Solda Washington’da, Kızıl Haç Acil Ambulans İstasyonu’nda tatbikat, 1918. Seattle’da görevliler yolcuların maskesiz seyahat etmesine izin vermiyor. (sağda)
1914 ile 1918 yılları arasında süren Birinci Dünya Savaşı’nda 17 milyon kişi hayatını kaybetti. Savaşın sonunda, 1918 ile 1920 arasında dünya düzenini değiştirecek gelişmelerin yanı sıra baş gösteren “İspanyol gribi”, salgın savaşta ölenlerden çok daha fazla insanın ölümüne neden oldu… 50 milyon civarında! Savaş koşullarında kayıt tutmanın zorluğu, salgının ve savaşın neden olduğu hastalıkların grip sayılıp sayılmayacağının belirsizliği gibi nedenlerle can kayıpları hakkında kesin bir sayı vermek mümkün değildi. Tarihçilerin çoğu savaşın sona ermesinde salgın hastalığın büyük rolü olduğunu savundu. Cephelerde savaşacak, hastalık bulaşmamış ve sağlıklı asker sayısının azalması zorunlu olarak savaşın sonunu getirmiş olabilir.
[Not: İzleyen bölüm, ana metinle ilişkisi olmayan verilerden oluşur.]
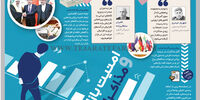 امنیت بازار مذاکـــرات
Ama salgının bütün dünyaya yayılma sebebi de yine savaştı. Savaşın sonlarına doğru cephede salgın nedeniyle dövüşemeyecek durumda olan askerler topluca gemilerle, trenlerle memleketlerine yollandı. Böylece hastalık cephelerden şehirlere, köylere sıçradı.
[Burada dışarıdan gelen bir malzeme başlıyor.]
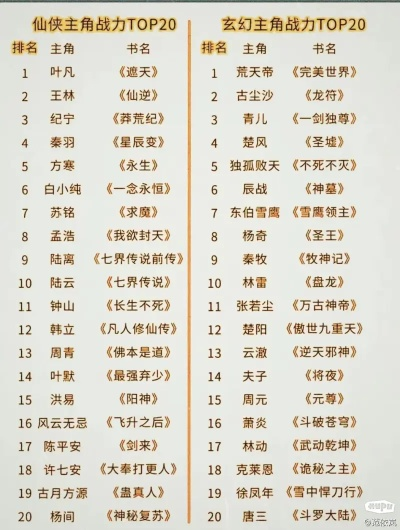 修仙游戏盘点：热门好玩的仙侠排行推荐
Tarihe İspanyol gribi olarak geçen 1918-1920 yılları arasındaki influenza salgını, dünyayı üç büyük dalga olarak sarsmıştı. Birinci Dünya Savaşı’nın sonunda kıtadan kıtaya, ülkeden ülkeye yayılan hastalık, milyonlarca insanın canını aldıktan sonra yok oldu… Nisan 1918 ile Ağustos 1918 arasında hızla Avrupa’da yayılan ilk dalgada ölüm oranı yüksek değildi. Ekim 1918’de bütün şiddeti ile başlayan ikinci dalga çok ağır geçen, nerdeyse dünyanın yarısını etkileyen ve ölüm oranı yüksek bir dalga olarak kendini gösterdi. Üçüncü ve son dalga Ocak 1919’da Avrupa’nın tümüne yayıldıktan sonra Mayıs 1919’da salgının hızı yavaşladı. 1920’de hasta sayısı ile hastalıktan ölüm oranları giderek azaldı ve salgın sona erdi.